# Cutting a stud on load bearing wall



## timw (Jan 11, 2009)

I need to cut a stud to make room for an in wall speaker. Once cut I was going to remove the bottom portion of the stud and put a new header at the top of the opening(bottom of the existing stud) and use a new 2x4 trimmer, screwed into existing studs on each side of the new header.

Is it absolutely neccessary to support the ceiling while I do this? Studs are 16 on center and there is a second story above.

Thanks


----------



## Bob Mariani (Dec 1, 2008)

no, but when you cut this stud you will notice it will bind the blade. You might want to angle a longer 2 X 4 into the top plate supporting it to the floor to remove the tension.


----------



## Termite (Apr 13, 2008)

If you do cut out this stud, you definately do need to header it off. _In most cases_ removal of one bearing stud won't cause structural sagging in the short time it takes to cut it out and header it off.


----------



## Bob Mariani (Dec 1, 2008)

thekctermite said:


> If you do cut out this stud, you definately do need to header it off. _In most cases_ removal of one bearing stud won't cause structural sagging in the short time it takes to cut it out and header it off.

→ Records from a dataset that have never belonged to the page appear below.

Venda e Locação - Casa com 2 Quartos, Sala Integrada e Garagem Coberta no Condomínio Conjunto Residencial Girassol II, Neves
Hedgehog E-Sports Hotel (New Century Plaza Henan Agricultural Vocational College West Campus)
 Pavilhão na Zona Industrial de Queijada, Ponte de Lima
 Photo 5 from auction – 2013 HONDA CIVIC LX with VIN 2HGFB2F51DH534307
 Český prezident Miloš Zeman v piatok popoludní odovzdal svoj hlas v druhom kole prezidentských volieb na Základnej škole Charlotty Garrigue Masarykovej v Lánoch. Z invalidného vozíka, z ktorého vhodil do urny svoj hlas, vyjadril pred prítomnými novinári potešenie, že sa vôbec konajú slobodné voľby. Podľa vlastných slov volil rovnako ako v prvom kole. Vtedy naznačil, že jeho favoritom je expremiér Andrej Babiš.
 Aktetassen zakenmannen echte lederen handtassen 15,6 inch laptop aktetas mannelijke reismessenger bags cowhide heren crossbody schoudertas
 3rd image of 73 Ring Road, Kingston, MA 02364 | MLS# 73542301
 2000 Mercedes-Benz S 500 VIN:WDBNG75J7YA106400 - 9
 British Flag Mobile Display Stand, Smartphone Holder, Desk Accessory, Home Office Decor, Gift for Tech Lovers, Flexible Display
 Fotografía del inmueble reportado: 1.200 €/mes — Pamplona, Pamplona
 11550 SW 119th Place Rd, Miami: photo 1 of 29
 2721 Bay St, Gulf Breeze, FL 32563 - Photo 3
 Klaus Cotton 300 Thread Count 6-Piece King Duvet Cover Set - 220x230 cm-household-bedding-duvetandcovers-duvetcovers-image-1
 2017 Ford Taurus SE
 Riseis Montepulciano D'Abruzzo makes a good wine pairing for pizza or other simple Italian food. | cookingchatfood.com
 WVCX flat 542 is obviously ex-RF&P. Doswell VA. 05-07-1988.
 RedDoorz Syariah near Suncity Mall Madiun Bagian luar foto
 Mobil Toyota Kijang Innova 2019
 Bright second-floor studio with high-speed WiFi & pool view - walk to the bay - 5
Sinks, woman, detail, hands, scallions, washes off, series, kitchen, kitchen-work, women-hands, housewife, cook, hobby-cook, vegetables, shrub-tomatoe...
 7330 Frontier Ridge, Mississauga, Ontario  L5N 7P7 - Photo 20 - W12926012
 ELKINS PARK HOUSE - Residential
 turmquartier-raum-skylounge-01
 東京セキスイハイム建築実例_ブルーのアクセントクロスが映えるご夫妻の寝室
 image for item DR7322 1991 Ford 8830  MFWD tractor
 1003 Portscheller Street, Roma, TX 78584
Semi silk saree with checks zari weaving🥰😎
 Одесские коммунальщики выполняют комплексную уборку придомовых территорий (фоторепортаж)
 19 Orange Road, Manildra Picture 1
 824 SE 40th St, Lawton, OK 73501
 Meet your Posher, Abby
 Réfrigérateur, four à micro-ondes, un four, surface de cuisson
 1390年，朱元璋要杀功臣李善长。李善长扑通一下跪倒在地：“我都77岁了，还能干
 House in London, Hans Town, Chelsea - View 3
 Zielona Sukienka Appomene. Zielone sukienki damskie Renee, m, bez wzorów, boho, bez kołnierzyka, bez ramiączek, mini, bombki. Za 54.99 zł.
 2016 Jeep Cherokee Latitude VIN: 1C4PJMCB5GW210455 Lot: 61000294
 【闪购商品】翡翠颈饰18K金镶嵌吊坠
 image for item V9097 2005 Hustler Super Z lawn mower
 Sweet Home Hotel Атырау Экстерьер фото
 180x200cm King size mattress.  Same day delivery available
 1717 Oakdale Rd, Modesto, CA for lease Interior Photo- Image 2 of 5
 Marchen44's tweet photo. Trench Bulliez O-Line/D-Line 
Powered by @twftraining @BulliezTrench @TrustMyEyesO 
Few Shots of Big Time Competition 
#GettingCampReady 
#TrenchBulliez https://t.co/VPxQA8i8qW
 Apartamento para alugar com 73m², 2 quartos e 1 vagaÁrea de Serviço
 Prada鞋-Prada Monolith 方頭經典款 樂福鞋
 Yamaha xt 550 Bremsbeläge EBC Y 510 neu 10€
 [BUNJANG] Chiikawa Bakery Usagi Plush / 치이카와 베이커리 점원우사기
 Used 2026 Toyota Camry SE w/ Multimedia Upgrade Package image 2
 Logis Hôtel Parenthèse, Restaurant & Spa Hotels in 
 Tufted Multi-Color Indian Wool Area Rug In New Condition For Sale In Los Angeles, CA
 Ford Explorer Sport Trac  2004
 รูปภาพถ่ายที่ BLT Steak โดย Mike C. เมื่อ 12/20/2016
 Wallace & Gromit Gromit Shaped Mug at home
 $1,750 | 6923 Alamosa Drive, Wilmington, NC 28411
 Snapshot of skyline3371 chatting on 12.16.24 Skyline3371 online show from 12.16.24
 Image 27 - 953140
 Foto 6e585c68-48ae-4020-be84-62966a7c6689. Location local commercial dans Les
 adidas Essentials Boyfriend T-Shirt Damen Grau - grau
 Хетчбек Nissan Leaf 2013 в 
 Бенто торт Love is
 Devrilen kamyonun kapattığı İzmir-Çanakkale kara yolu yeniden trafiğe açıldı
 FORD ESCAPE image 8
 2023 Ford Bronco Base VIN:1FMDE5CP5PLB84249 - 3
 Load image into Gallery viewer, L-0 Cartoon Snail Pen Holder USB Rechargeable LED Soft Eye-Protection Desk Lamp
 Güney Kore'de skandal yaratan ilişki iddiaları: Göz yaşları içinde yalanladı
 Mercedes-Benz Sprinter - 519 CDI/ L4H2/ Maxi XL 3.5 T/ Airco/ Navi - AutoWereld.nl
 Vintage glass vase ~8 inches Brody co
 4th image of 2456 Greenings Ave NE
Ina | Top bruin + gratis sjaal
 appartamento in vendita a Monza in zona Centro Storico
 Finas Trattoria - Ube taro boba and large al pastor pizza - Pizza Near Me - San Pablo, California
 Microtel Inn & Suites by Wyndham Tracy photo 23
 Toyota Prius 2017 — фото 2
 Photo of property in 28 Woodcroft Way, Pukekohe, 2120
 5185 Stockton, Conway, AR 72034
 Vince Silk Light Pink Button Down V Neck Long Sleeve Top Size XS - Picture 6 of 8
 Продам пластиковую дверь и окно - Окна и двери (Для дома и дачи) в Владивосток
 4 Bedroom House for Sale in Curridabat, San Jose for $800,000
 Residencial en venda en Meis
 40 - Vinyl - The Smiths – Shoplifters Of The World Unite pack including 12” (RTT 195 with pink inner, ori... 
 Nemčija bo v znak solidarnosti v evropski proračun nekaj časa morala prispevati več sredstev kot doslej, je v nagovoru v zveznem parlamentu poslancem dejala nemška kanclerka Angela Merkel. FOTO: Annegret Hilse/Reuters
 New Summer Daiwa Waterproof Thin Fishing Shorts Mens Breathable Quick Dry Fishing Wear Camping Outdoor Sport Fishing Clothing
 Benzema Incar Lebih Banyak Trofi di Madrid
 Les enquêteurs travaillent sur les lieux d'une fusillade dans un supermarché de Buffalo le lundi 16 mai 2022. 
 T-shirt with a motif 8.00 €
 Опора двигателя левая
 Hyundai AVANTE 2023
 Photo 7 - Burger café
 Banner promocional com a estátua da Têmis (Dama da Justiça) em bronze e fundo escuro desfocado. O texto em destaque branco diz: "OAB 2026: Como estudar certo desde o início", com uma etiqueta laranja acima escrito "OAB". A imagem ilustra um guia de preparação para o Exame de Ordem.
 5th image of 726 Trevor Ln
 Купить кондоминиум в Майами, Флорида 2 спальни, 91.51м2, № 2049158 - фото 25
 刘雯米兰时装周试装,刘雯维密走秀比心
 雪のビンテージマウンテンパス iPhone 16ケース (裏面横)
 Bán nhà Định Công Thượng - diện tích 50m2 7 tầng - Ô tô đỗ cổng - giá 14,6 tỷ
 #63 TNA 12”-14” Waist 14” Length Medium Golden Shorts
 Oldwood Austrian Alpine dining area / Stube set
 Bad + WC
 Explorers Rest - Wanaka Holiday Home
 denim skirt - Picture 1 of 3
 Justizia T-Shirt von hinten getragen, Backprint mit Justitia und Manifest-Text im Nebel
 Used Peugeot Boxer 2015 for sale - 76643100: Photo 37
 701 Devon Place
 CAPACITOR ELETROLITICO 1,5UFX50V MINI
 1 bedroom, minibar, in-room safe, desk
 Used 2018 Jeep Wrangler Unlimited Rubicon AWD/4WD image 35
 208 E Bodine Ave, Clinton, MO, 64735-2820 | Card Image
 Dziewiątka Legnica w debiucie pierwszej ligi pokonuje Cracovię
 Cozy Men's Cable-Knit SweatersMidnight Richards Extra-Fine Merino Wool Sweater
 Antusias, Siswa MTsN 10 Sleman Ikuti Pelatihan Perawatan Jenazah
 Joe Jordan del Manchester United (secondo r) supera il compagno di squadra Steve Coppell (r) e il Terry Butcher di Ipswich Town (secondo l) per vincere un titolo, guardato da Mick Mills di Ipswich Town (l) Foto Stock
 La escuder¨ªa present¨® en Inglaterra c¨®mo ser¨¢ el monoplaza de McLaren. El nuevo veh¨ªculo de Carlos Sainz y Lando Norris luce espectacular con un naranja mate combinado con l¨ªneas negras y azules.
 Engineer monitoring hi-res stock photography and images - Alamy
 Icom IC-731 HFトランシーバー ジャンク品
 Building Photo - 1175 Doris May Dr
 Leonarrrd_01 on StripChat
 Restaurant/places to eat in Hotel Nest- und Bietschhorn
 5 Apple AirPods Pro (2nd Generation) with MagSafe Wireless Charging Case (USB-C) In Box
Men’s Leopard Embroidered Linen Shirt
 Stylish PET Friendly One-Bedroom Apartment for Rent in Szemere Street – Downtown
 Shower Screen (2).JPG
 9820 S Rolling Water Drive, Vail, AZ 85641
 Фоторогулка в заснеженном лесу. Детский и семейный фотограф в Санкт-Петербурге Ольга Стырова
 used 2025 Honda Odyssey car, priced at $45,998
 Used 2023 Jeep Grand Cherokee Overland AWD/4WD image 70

post does state a new header was to be used.


----------



## butlersprints (Nov 28, 2008)

Perhaps I'm not seeing the whole picture here. Why not locate speaker between the studs? Please explain. :whistling2:


----------



## timw (Jan 11, 2009)

I need to center the speaker under the TV. Unfortunately the stud is dead center where the speaker needs to go. I wish I could just put it between the studs. That would save me a lot of work including taking down and putting back a 200 pound plasma!


----------